Toyota Australia has pledged to have an electrified model by 2030, with the specific exception of the Gazoo Racing line-up. Toyota Australia’s vice president of sale and marketing, Sean Hanley, said the decision was taken because the company isn’t confident that an electric powertrain can provide a suitable alternative to its petrol-engined hero models in the near-future.
“We believe it will take some time before that level of technology, a BEV for that type of car, is not a long way off but it’s some way off,” Hanley told Torquecafe.
While there have been reports and speculation the Japanese giant is working on electric sports cars, including a possible battery-powered replacement for the Supra, Toyota insists it is working on many alternatives for its future go-fast cars.
And chief amongst these is synthetic fuel (or eFuel), the carbon neutral alternative to petrol and diesel, which is also under development from other brands, most notably Porsche and Lamborghini.
Naoyuki Sakamoto, GR Corolla chief engineer, explained that Toyota has worked on multiple options to extend the life of the internal combustion engine into a world increasingly regulated by carbon emissions.
“We are using carbon neutral fuel, especially in Japan, we’re using it for the top racing categories – Super Formula and Super GT – we are using that to see the possibilities,” Sakamoto said.
“The benefits of carbon neutral fuel is that you can use it in the cars we have, that’s a good point for it. But, the cost of carbon neutral fuel is still very expensive. So, for the near-future, carbon neutral fuel would be a good option if we can make it cheaper.”
Unfortunately, he revealed the cost of eFuel is currently approximately “100 times more” than conventional fuel due to the cost of manufacturing and limited availability. Porsche has announced it has partnered with energy corporations to build multiple eFuel plants around the world, including Tasmania, by the end of the decade.

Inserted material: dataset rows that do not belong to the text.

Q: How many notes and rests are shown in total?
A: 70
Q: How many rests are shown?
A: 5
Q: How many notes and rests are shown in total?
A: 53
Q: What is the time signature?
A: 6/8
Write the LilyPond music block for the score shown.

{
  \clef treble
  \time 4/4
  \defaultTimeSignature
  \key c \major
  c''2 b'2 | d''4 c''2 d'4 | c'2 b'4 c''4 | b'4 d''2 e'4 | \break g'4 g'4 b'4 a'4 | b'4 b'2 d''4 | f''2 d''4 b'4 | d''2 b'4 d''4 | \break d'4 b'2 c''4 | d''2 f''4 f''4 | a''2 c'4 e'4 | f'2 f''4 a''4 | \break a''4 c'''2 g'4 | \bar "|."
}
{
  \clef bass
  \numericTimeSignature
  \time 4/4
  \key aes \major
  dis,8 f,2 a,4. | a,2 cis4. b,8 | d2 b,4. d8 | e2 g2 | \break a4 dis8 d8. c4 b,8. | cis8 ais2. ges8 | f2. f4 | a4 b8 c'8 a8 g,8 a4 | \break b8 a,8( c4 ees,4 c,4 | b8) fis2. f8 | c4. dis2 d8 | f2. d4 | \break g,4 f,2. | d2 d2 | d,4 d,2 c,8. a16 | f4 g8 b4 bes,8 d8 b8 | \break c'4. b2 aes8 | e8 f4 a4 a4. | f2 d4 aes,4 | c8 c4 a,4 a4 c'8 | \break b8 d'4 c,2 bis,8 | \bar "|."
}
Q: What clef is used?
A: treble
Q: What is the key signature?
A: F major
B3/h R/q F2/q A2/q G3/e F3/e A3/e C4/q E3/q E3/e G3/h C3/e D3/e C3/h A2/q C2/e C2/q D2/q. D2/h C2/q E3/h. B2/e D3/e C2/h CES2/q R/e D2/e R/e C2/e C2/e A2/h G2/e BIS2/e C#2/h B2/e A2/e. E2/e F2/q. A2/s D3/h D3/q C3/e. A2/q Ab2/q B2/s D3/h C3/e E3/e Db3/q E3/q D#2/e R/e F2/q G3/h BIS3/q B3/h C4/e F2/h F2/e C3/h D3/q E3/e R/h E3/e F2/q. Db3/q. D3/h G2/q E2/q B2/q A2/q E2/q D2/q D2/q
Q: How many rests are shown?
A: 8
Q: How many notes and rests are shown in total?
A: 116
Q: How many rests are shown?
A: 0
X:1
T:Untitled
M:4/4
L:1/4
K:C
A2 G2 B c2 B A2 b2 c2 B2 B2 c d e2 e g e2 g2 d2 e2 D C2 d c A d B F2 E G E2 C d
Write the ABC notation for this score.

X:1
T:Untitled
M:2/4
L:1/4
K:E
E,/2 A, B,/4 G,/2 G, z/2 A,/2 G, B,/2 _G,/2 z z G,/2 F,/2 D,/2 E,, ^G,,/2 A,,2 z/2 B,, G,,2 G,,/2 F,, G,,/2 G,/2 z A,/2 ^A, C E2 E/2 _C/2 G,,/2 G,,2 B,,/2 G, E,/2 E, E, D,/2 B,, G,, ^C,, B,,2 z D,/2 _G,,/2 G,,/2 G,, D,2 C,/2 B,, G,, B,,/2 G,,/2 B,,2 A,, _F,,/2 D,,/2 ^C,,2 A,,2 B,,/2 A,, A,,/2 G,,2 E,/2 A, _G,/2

Sakamoto believes for synthetic fuel to become viable as a mainstream alternative more brands from across the industry will need to support it.
“We need to work together, not only Toyota and Porsche, but [the industry] needs to work together to create a future for carbon neutral fuel,” he said.
While electric vehicles are increasingly popular amongst car makers and buyers, and following Europe’s decision to ban all petrol, diesel and hybrid cars by 2035, Sakamoto said it was vital the car industry looks for multiple carbon neutral solutions for the future.
“Sometimes the carbon neutral future is affected by political reasons, but we need to collaborate with many companies to find out the right direction,” he said. “We do not have to eliminate any options so far. We should not focus on some certain fuel or energy because every option has its pros and cons. So it depends on the situation, the country, we may find some good solutions for the negative options for certain fuels. So we don’t have any [definitive] answer, we’re testing many options right now.”